Who Are You Taking for Granted?
A Considered Insight
I really, truly resist reading bleats among the aging or elderly about their aches and pains. Toddlers, teenagers, twenties, thirties, forties, fifties, everyone has issues.
But I have recently and conclusively understood the phenomenon that those of us born in the 1940s and 1950s (and now even the 1960s) are enduring: Being taken for granted — or worse, blamed.
This comes in two forms:
The Boomers Blew It and You Are So Done (Forget “Baby,” As the Oldest Are Turning Eighty This Year)
The author Marc J. Dunkelman (sorry, Marc) published a widely discussed book last year called Why Nothing Works: Who Killed Progress — And How to Bring It Back. Because PublicAffairs, the imprint I founded thirty years ago, was the publisher, he asked me to lunch.
His opener was along the line that the vast Boomer generation, broadly speaking, is responsible for the situation he was describing, chapter and verse. I won’t do him the disrespect of summarizing his argument. For that, read the book. I bristled but I think I paid for the lunch at an Upper West Side diner.
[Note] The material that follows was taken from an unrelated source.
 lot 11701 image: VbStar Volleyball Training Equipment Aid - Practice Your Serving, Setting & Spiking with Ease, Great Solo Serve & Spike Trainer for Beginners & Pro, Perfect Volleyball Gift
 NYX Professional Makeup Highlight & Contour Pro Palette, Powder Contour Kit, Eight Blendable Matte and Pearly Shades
The Boomer canard has taken hold, even among many Boomers themselves. An accomplished friend’s new book opens this way: “Well, we are now on the front stoop of old age. And good Lord, what a fuck up of a generation we’ve turned out to be. . . . A nation that used to be young and scrappy has gotten old and cranky. We’re aggrieved, tribal, stuck.” And on and on.
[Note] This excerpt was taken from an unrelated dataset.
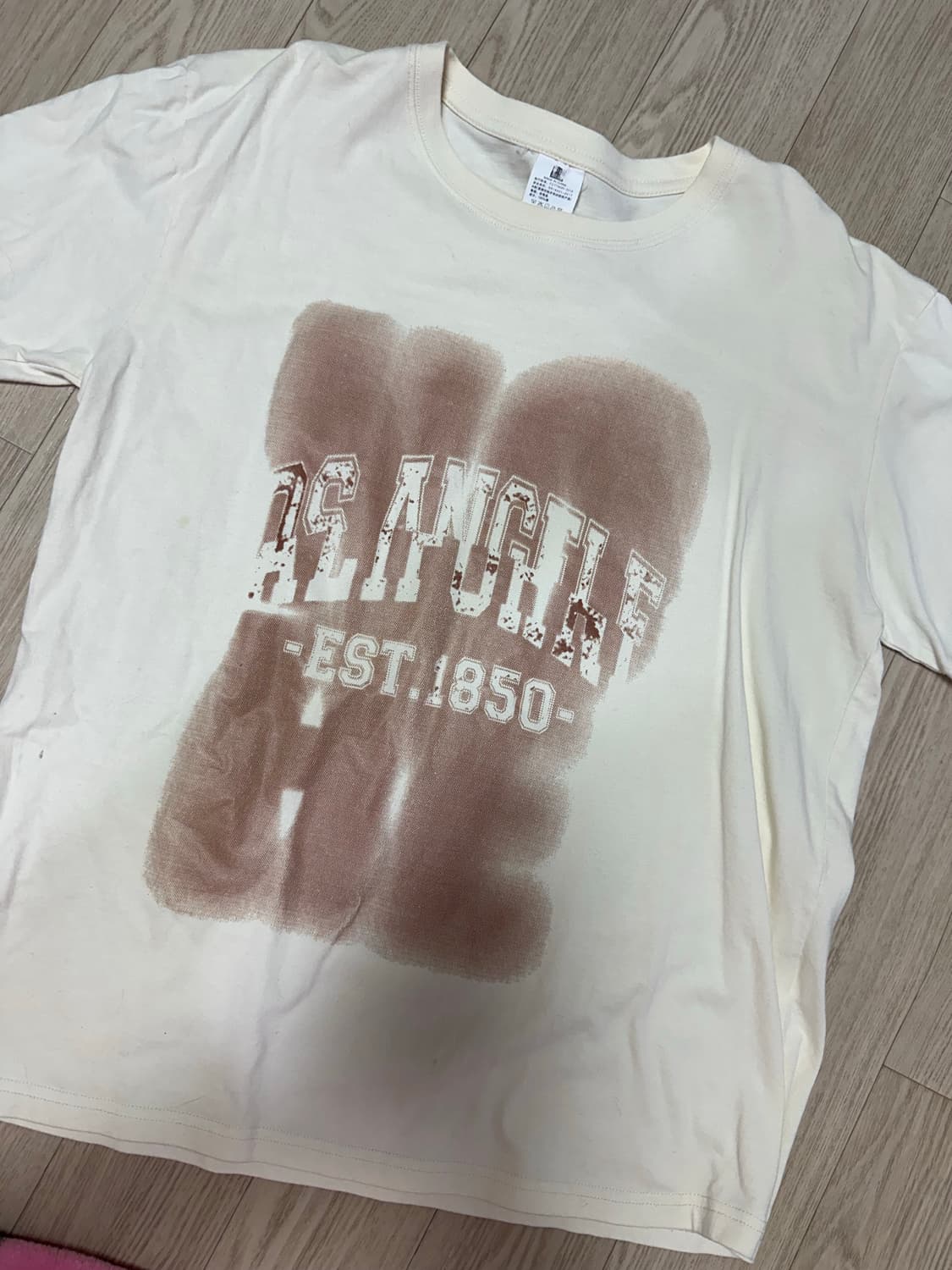 빈티지 워싱 y2k 반팔 상품이미지2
But ask yourself whether the rights of women, minorities, the disabled, the poor, and the disadvantaged are being ignored, as they were for so for very long. Living standards and healthy life spans in developed countries have increased markedly, and global poverty has dropped.
The process of change reached its most intense in the 1960s and 1970s, when the Boomers were in college, or in the streets.
Have the movements for civil rights, human rights, global environment solved those problems? No. Did we or our predecessor generations solve the bigotry, inequality, and injustice that are the underside of progress? No. But we did recognize the scale of these problems and have made headway, at least, in understanding them and doing what we can — yes, through regulations, affirmative action, and protests — to deal with civilization’s eternal failings.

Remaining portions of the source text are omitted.